Pallade veneta
- Founded: 1687
- Ceased publication: 1751
- Language: Italian
- City: Venice

= Pallade veneta =

Newspaper

Pallade veneta was a newspaper that in toto ran from 1687 to 1751. It is preserved incompletely and in multiple forms. The published monthly ran to only 17 installments (January 1687 through May 1688). While it was published in Venice and reported on news from that locale, it also conveyed some news that was exchanged from other venues. Venice was a principal hub for news distribution. After its printing ceased, Pallade veneta continued as a series of weekly news sheets (avvisi in all but name). Surviving sources are discontinuous, making it difficult to create a full history of the publication.
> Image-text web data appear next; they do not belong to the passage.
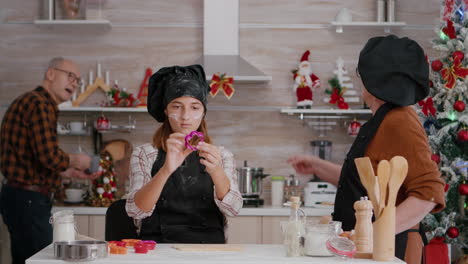 Nieto-Usando-Delantal-De-Cocina-Eligiendo-La-Forma-De-Las-Galletas-Haciendo-Masa-De-Pan-De-Jengibre-Casera-Tradicional-En-Navidad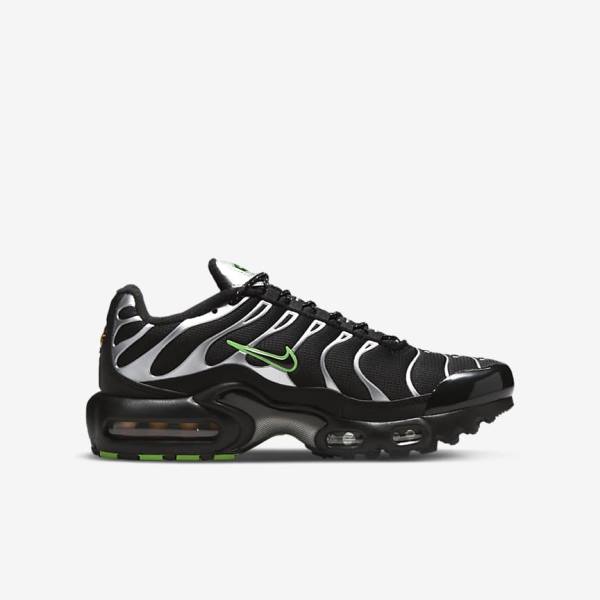 Nike Air Max Plus Older Kids' Sneakers Black / Green / Metal Silver / Black | NK503OVG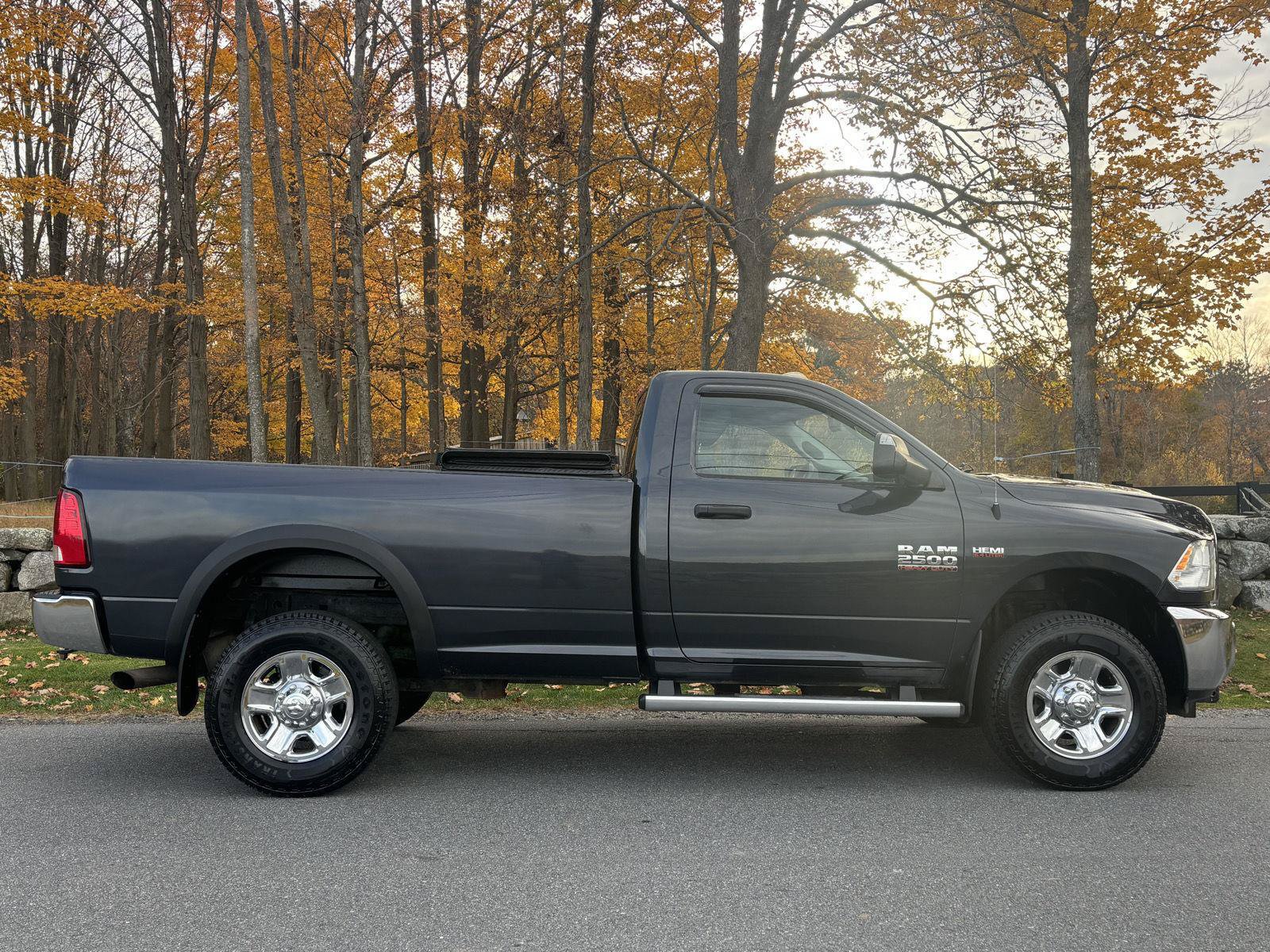 Used 2015 RAM 2500 Tradesman w/ Chrome Appearance Group AWD/4WD image 2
Both in print and in manuscript the periodical can be associated with religious authority in general but not with specific religious figures. The celebration of liturgical feasts is a prominent topic of discussion, as are sermons. Much of the value of the printed issues lies in the exuberance of the writing (a feature not transferred to the manuscripts). Like other monthlies, these prints could have relied on manuscript avvisi for their news, and elaborated it from personal observation.

The portions that survive in manuscript (mainly from the years 1698–1704, 1714–17, and 1739–1751) become progressively more absorbed in advocating views of anonymous religious authorities. The final years reflect much of the pessimism that took hold of Venice in the 1740s.